Now one Texas State Representative is expanding on that argument — trying to get the government out of the business of issuing marriage licenses altogether, regardless of the couples' genders.
Rep. David Simpson (R-Longview) is calling onGov. Greg Abbott to convene a special session of the legislature to — as he puts it — “protect marriage from government.”
“Government marriage just really needs to go away,” Simpson tells the Texas Standard. “It’s cheapened it, it’s redefined it, it’s parceled it out for profit.” Simpson’s solution? “Let’s just get government and marriage separated from one another.”
However, many of the benefits that come with marriage — healthcare, social security, disability, adoption — require an official state recognition of marriage for the benefits to take effect. So how would Simpson’s plan affect eligibility for benefits for those families? “The state should — and can — continue to recognize marriage. What I’m saying is let’s end its issuance of marriage licenses,” he says. “Government didn’t create marriage. It should recognize it and protect it, but let’s just end it as the authorizer of marriage.”
Simpson argues that the issuance of a marriage license isn’t what makes a marriage official or special. “I’ve never shown my marriage license to anyone,” he says. “I’m not sure where it is.”
So what does Simpson think we should do in place of having county clerks issue marriage licenses?
“For people who don’t wish to have a religious ceremony, they could just present a certificate of their relationship formalizing it, and have it approved by a public notary,” he says. “Allow people to go to any willing clergy consistent with their conscience, and respect for their culture, and let them proceed that way.”

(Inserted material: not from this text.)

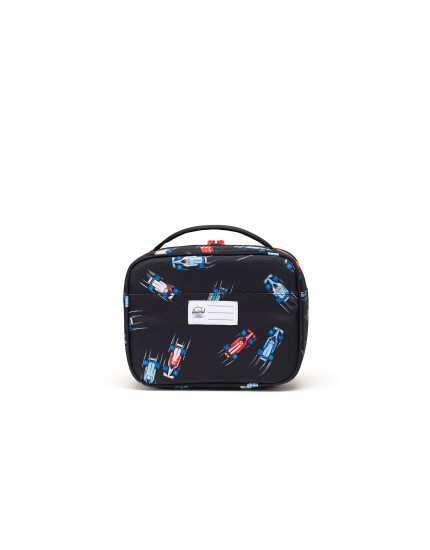 Little Herschel Pop Quiz Lunch Box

Supporters of same-sex marriage argue that Simpson’s proposal is hypocritical — that conservatives want marriage to be a states' rights issue when it suits them but when they lose before the Supreme Court, they want government out of marriage altogether. Simpson’s response? “I’m sure that is how some are gonna see it. My own conviction? [Marriage] has been that way for a long time. We should divorce marriage from government if we want to protect it.”
Simpson is clear on what he believes constitutes a marriage: “I think the state should recognize and respect marriage as an institution between one man and one woman,” he says, “and I don’t think we should be in the business of actually approving something otherwise.”
For Simpson, having the government recognize same-sex marriages de-legitimizes marriage as an institution.
“It’d be like recognizing wrong math or erroneous math as good,” he says. “That’s not correct.”